MINOR / SPECIFIC COMMENTS
- Abstract: in my view, the abstract focuses too extensively on background information (up to line 10). I would recommend summarizing this background information to focus on the main findings and implications
- line 8: this maximal resolution of 2.5 km is likely specific for Canada datasets (?)
- line 31: this statement on models yielding biased estimates of SWE at high elevation is likely too generic. Several correction approaches in this regard have been documented, but results are very site specific (which is in my opinion the actual main challenge here)
- line 49: I think that the main reason why AWS spatial interpolation in complex terrain is not accurate is because AWS systems undersample the real spatial heterogeneity of the processes (which is not mentioned here)
- line 51: AWS systems are also prone to undercatch and so underestimation of precipitation (this is one of the main reasons why I think it would be ideal to include actual measurements of snow properties in the evaluation).
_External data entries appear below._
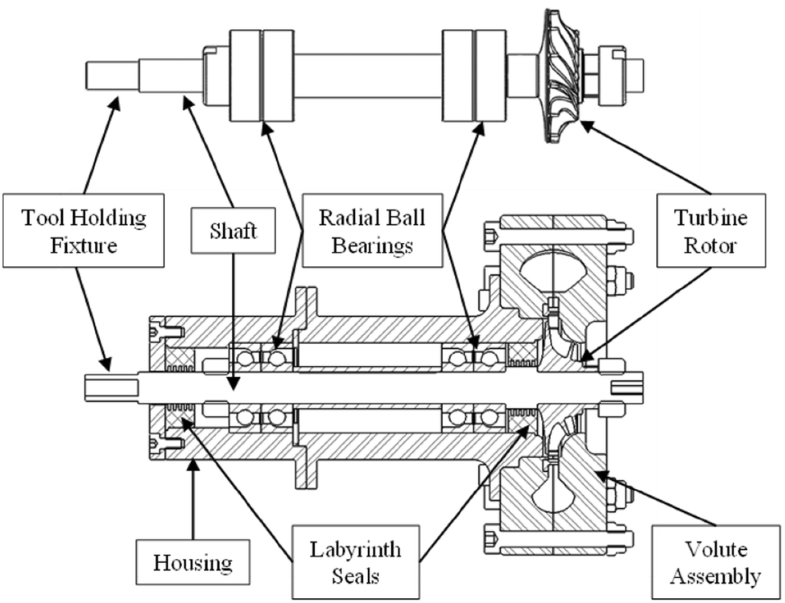 Design and Development of a High Efficiency Air Turbine Spindle for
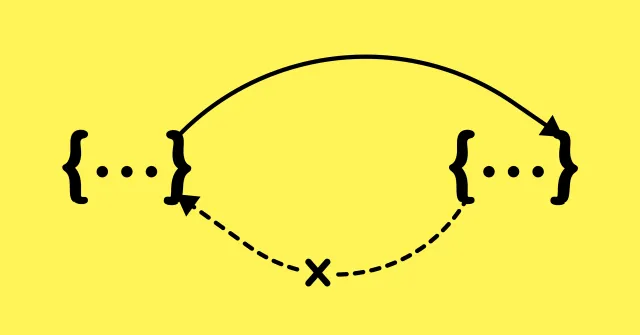 Two objects which have weak and strong reference.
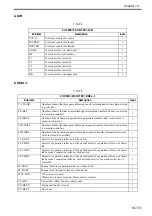 Preview for 776 page of Canon Color imageRUNNER C4580 Service Manual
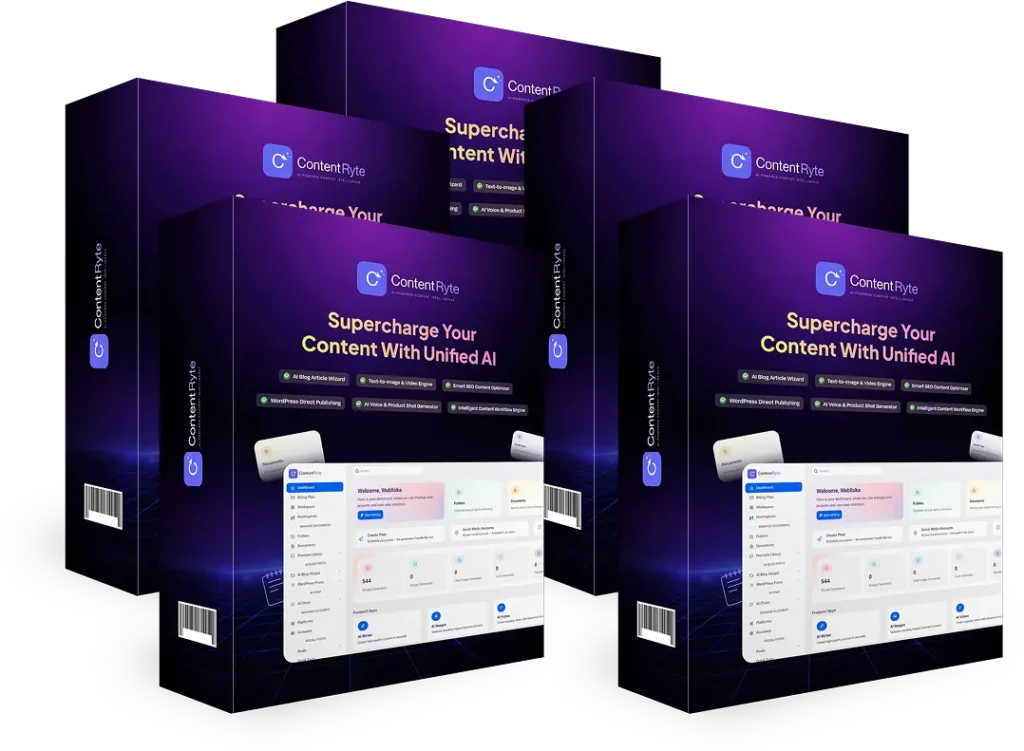 What Is ContentRyte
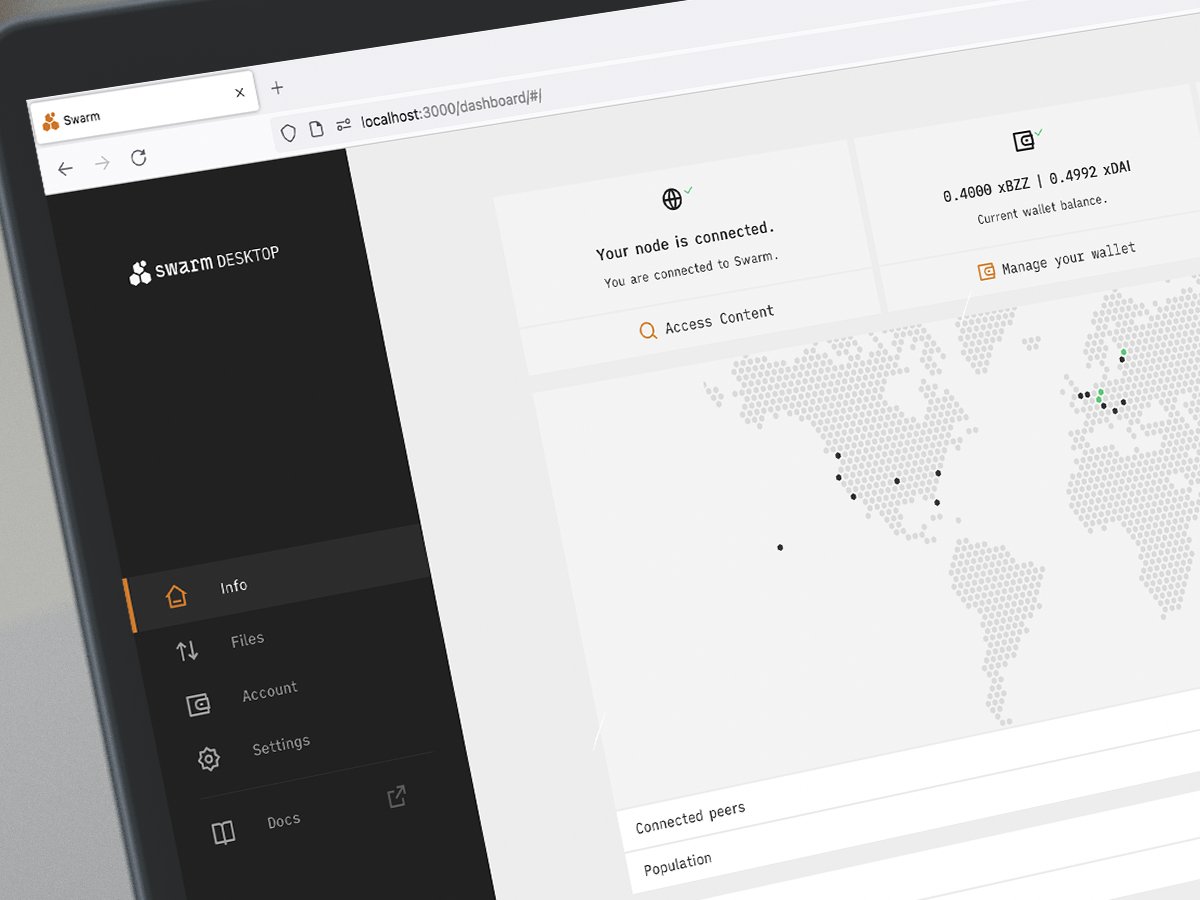 1/ Why Swarm Desktop (Beta)?

Read on 🧵👇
- line 76: please avoid reporting units in italics
- Figure 1: consider including a DEM here
- Table 1 and all other captions: please consider defining acronyms in captions for diagonal readers
- line 88: please specify “most of Canada”
- line 100 to 110: correction factors for temperature, radiation, and precipitation are very succinctly presented, to the extent that repeatability of these experiments may be difficult. How was Eq. 1 derived (what data were used? What period? What optimization approach?). Same for Eq. 2. Why was Equation 1 used for dew point temperature too?
- Line 136: why did you first use a 20-m DEM and now a 100-m one?
- Section 3.3: the inflation approach is clear, and I generally agree with this. At the same time, microstructural parameters are (to some extent) dependent on SWE and HS (via overburden pressure and temperature gradients, for example). If authors agree with this, I would add some discussion on how this could impact these results.